The ILS Federation does not have its origins as a sports organization. Instead, it grew out of European rescue societies from the 18th and 19th centuries, such as the Royal National Lifeboat Institution in England and the Society for the Saving of Drowning Victims in the Netherlands. These groups’ mission was narrowly defined: to help save lives in the water. By the early 20th century, however, lifesaving competitions had started to appear. (There was even an unofficial demonstration of the sport at the 1900 Olympics in Paris.) The contests showcased early lifeguards trying out their skills against one another—mostly on beaches at first, but soon in pools, and eventually it grew into the sport as it looks today. (There are still open-water lifeguarding competitions—like the National Lifeguard Championships taking place in Hermosa Beach, Calif. this weekend—but organized meets in pool environments are the domain of competitive lifesaving.) This meant the original pipeline was straightforward: For people who had worked as lifeguards, who knew what it meant to save a life, it was simply a chance to apply their skills in a new way.

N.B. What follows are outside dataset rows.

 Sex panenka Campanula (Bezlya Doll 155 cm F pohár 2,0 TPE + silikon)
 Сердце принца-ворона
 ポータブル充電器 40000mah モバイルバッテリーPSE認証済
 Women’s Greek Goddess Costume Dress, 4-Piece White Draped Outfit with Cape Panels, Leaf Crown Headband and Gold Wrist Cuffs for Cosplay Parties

There are still many people who find the sport this way—who life save before they lifesave. This was the path for the current ILS Federation president. Before he went into administration, Graham Ford was a competitive lifesaver himself—his last major event as an athlete was the 2010 world championships in Egypt—and before that, he was a lifeguard. He still volunteers as a guard on the beaches of his native Australia. The work is important to him—the motivating force behind his involvement in the sport in the first place—and he can’t imagine ever giving it up.

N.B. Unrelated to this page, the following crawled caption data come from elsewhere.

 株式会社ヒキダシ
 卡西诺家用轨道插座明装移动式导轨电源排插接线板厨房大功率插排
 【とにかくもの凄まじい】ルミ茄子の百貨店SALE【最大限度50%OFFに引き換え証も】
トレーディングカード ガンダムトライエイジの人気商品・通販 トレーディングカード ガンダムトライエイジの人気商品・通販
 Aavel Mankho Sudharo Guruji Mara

“I love the camaraderie and friendship, but more importantly, the values of what we do,” Ford says. “Because we’re volunteers and we’re out there saving lives. That’s pretty special.”
He acknowledges there might be some peculiarities about rescue missions repackaged as competitions. But he sees it all in service of their larger goal: Every bit of attention on the sport brings awareness to drowning prevention, he says. Every lifeguard who becomes more invested in his skills because of the sport is moving a step toward global water safety. And every lifesaver who isn’t a lifeguard is still someone who’s far more equipped to save lives than he would be otherwise.
“This is what it’s all about,” Ford said after the final lifesaving medal ceremony at the World Games.
It was the standard language of an organizational leader after a successful event. And then he continued.
“What you’ve seen over the last few days is a simulation in the pool of what happens when we do rescues,” Ford explained. “But we do a lot more. We rescue people in lakes, in rivers, in the ocean.”
“I’ve been lifesaving since I was 3 years old.”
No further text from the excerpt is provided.